Habsburgs vs Jagiellons for central Europe. Shit was pretty intense with all the infighting on both sides, but (un)fortunately Lithuanians had much smaller breeding power. Even after extinction of the Jagiellons, Habsburgs would try to grasp the Polish-Lithuanian Commonwealth, but they wouldn't ever succeed through dynastic diplomacy.

>when your autistic drive to cross a single river ends up loosing you half of all Italian casualties in the first world war
>and you still never manage to cross it

en.wikipedia.org/wiki/Saint-Michel-de-Maurienne_derailment

>And it's hard to believe that before the 1980s Syria was getting more aid from the USSR than Israel was from the US
not too hard mind you, western syria is pretty wealthy and their urban infrastructure and noticeable wealth before the civil war made them a stand out in the levant

they each fought for land and conquest and glory, only difference was the particulars of their justification.

People who view the world as a religious conflict, who even now view ISIS as a religious organization are idiots buying the face value storyline.

They're quite literally trying to reform the muslim caliphate and not because muh religion of fee fees but because the middle east has been weak ever since the fall of the ottoman empire and so they're trying to unite the middle east and reform their empire so that they can be taken seriously again in international politics. The way the extente forces carved up the middle east after WW1 ensured endless civil war and conflict.

ISIS is seeking real geopolitical goals and making moves for very real, very rational, very much logical reasoning, the same reasoning everyone uses really. "we're weak, they made us weak on purpose, they're not gonna help us, so we have to be strong ourselves"

Try to maybe view the world in an intelligent way and you'll see the religion isn't at the core of anything.

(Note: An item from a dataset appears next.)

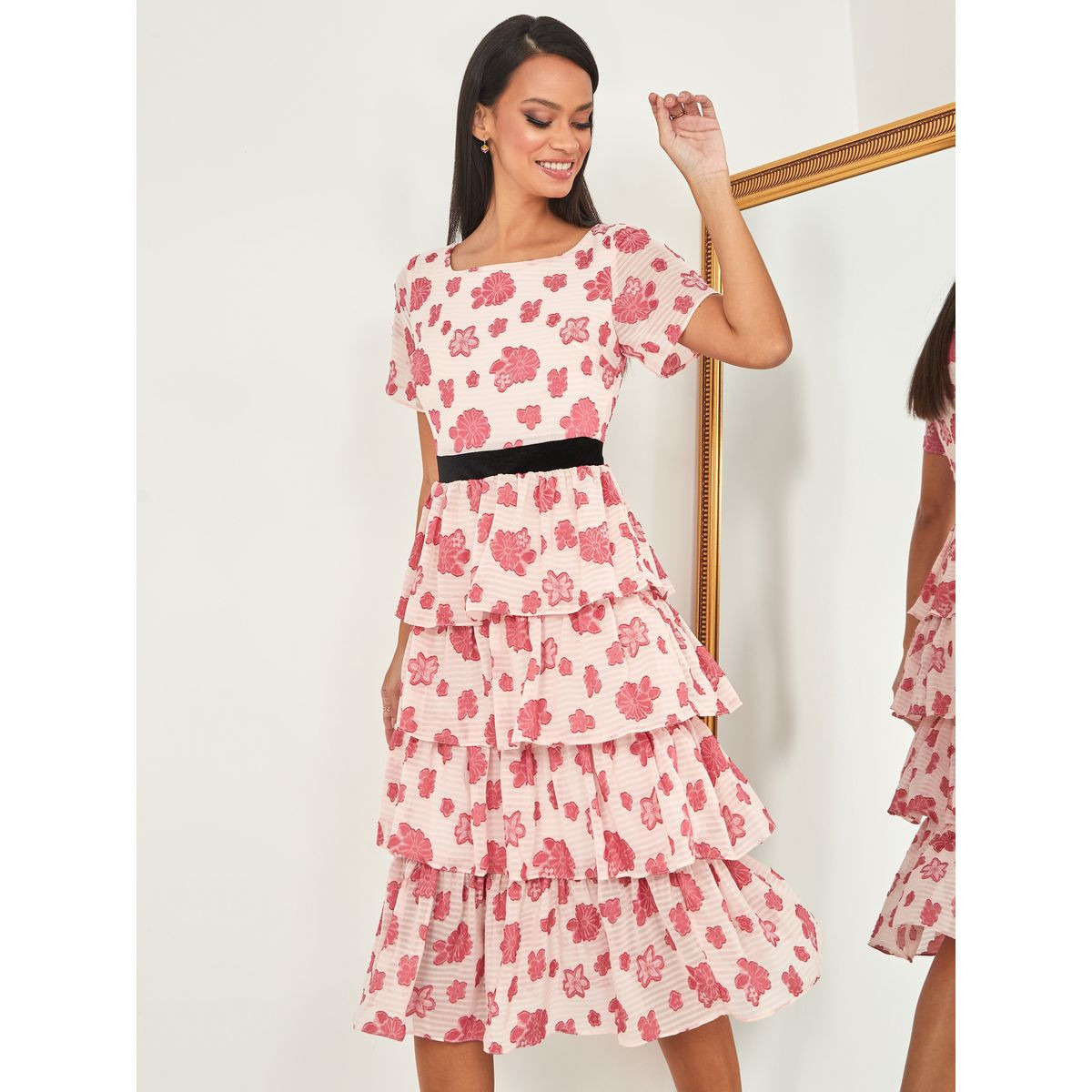 Styli Short Sleeves Floral Pattern Layered Midi Dress-women-clothing-dresses-image-2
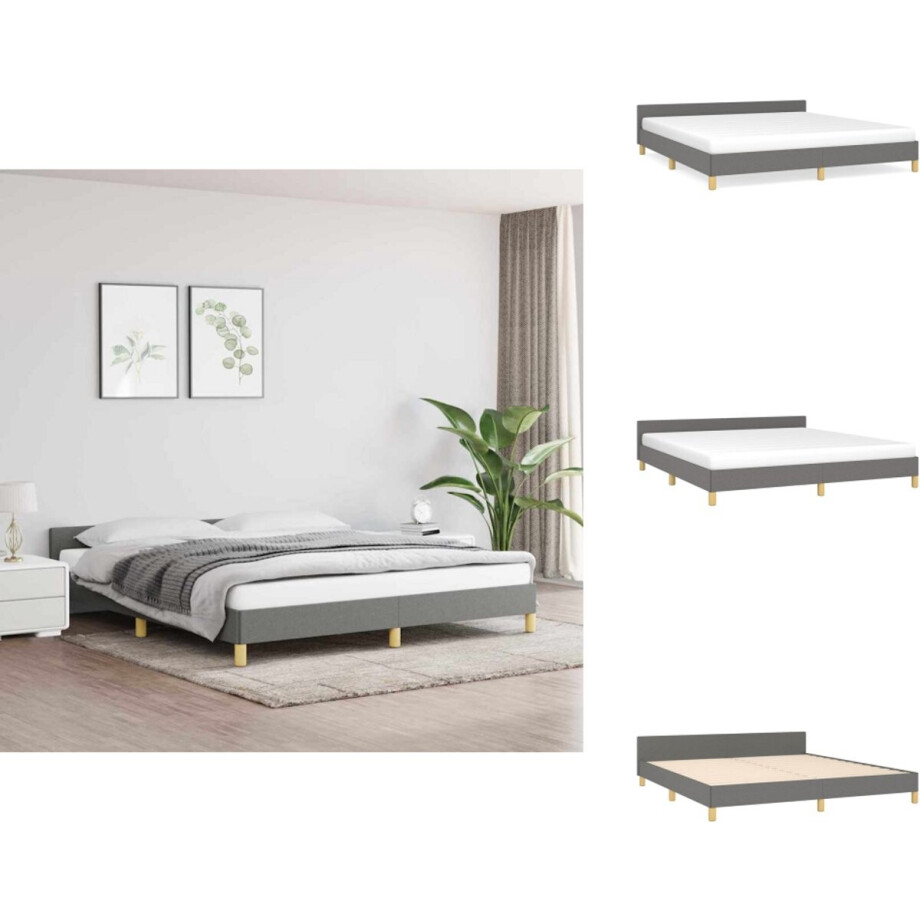 vidaXL Bedframe Met Hoofdeinde - Bedframes Met Hoofdeindes - Bed - Slaapmeubel - Bedframe zonder matras stof donkergrijs 160x200 cm afbeelding 1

There are always actual reasons and the religion is just there as a nice coat of paint really.

kinda right but also kinda wrong, ISIS's rise has more to due with the angry and large rural ssunni populations that have been marginalized by ethnic minority governments in iraq and syria

not quite sure why but the colonial powers after ww1 really liked propping up ethnic/religious minorities as rulers of middle eastern dictatorships

youtube.com/watch?v=ROBF-F4H0GA

>angry and large rural ssunni populations that have been marginalized by ethnic minority governments in iraq and syria

ethnic minority governments formed by the very same entente forces that conquered the ottoman empire.

So basically you said I was wrong, agreed with me, and then never actually pointed to anything I said that was wrong

Why so many more deaths on the Italian side when Austria had more casualties?

>not sure why

the guy you're responding to already gave you the reason: they did it on purpose to weaken the middle east

Treatment of POWs probably. Note that the Italian totals also include soldiers who died of wounds and disease in 1919.

A lot of the Austro-Hungarian troops marked as 'missing' probably died.